Łada sierotą po Renault. Francuzi zastawili pułapkę na Rosjan?
Oprac.: Paweł Rygas
Wiemy jaki los czeka Dustera i Largusa, czyli rosyjskie sieroty po Renault. Na temat przyszłości obu modeli na rosyjskim rynku wypowiedział się właśnie szef Łady. Wygląda na to, że wycofując się z Rosji, koncern Renault zastawił na swoich spadkobierców kilka pułapek.
e-Largus - tak. Duster - nie. Tak w jednym zdaniu podsumować można najnowsze doniesienia z Togliatti. O przyszłości francuskich modeli na rosyjskim rynku poinformował właśnie prezes Avtowaz - Maxim Sokołow.
"Prawdziwie rosyjski pojazd", czyli Renault sprzed 16 lat
Będzie co najmniej jedna poduszka powietrzna. Będzie też ABS - stwierdził w rozmowie z "Za rulem" szef rosyjskiego koncernu.
W jego opinii elektryczna Łada e-Largus trafi do produkcji jeszcze przed końcem roku.
Słowo "produkcja" trzeba jednak traktować w kategorii krótkiej, liczącej kilka egzemplarzy, partii pilotażowej.
"Ze wszystkich zapowiedzianych projektów e-Largus będzie jedynym prawdziwie rosyjskim pojazdem elektrycznym o wysokim stopniu lokalizacji" - stwierdził Sokołow.
Deklaracja wydaje się o tyle zabawna, że sam e-Largus jest przecież zelektryfikowaną odmianą pierwszego Logana w wersji MCV, czyli francuskiej konstrukcji z 2006 roku, która zniknęła z europejskiego rynku blisko dekadę temu
Duster nie dla Rosjan. Popularne auto zniknie z rynku
Wszystko wskazuje na to, że w przypadku e-Largusa, który z racji na swój elektryczny napęd pozostanie najpewniej pojazdem niszowym, Francuzi zgodzili się odstąpić od - należnych z tytułu praw licencyjnych - tantiem. Tego samego zdecydowanie nie można jednak powiedzieć w przypadku Dustera. Jego rosyjska kariera definitywnie dobiegła właśnie końca. Sokołow przyznał, że opłaty licencyjne na rzecz Renault to około 4 proc. ostatecznej ceny pojazdu. Chociaż na pierwszy rzut oka może się to wydawać niewielką stawką, w rzeczywistości - z punktu widzenia producenta - trzeba ją traktować jako "zaporową".

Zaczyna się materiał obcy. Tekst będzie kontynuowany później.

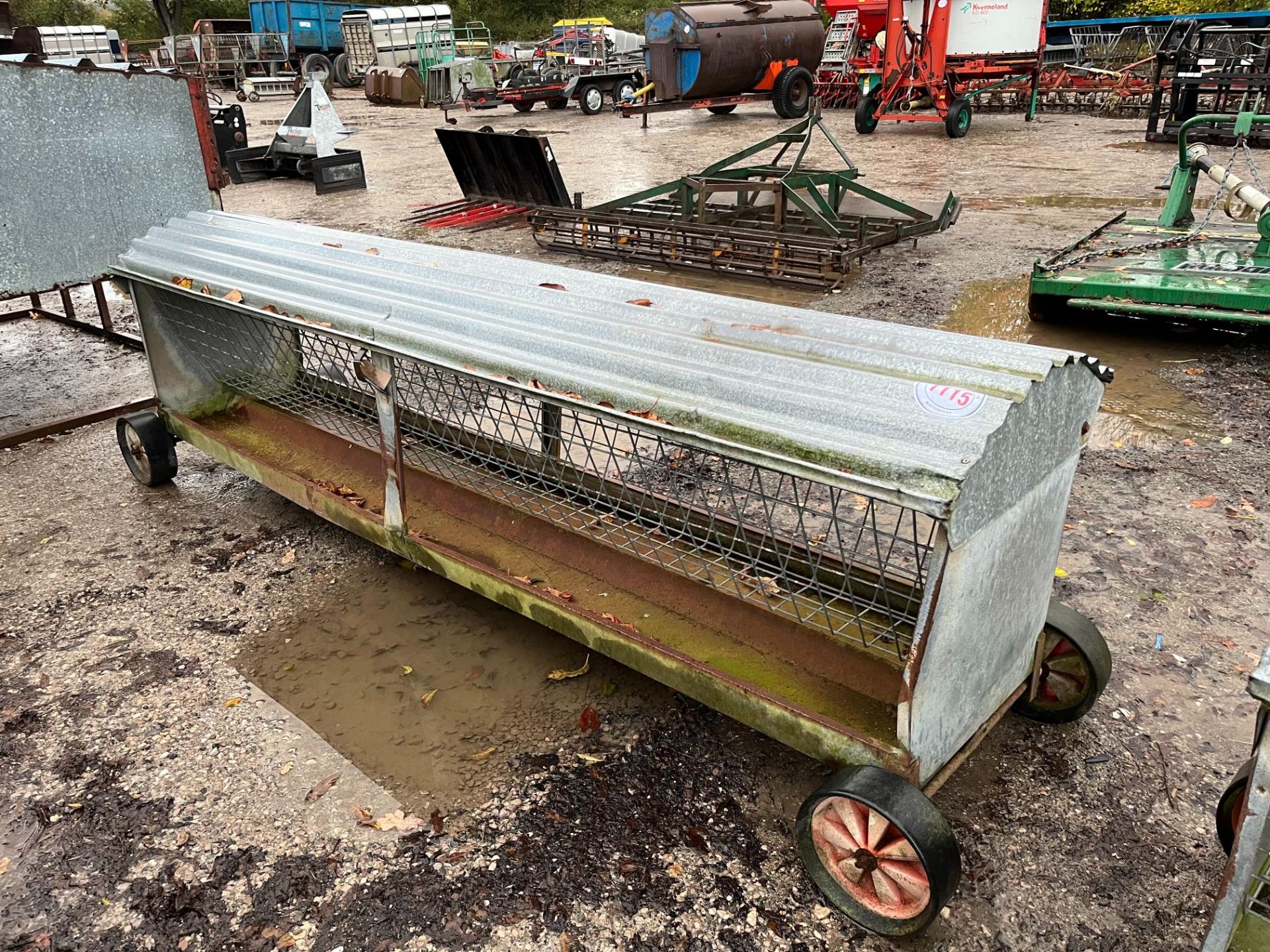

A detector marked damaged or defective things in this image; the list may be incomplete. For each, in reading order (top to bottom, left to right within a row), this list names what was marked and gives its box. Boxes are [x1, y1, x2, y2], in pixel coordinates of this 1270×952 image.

Przypomnijmy, że średnie marże producentów pojazdów najczęściej wahają się w okolicach 8 proc, a w przypadku aut popularnych, gdzie za zyski odpowiada głównie "efekt skali", potrafią być zdecydowanie niższe i wynoszą najczęściej między 5 a 6 proc.
Nie można zapominać, że decyzja o wycofaniu się Renault z rosyjskiego rynku oznaczała dla Łady przerwanie dostaw komponentów. W przypadku Dustera trzeba więc wykonać tytaniczną pracę stworzenia nowej listy dostawców z państw "zaprzyjaźnionych". Nie jest to niemożliwe, ale biorąc pod uwagę nakłady i czas potrzebny, by zrealizować tak ambitne przedsięwzięcie, przyszłość Dustera w Rosji wydaje się być skończona.
Mówiąc wprost - zanim powstałaby lista niezbędnych do zastąpienia komponentów, a dostawcy z Kaukazu czy Chin przestawili swoje zakłady na ich produkcję, obecna generacja Dustera byłaby już podobną motoryzacyjną skamieliną, co produkowana w Togliatti nieprzerwanie od 1977 roku Łada Niva.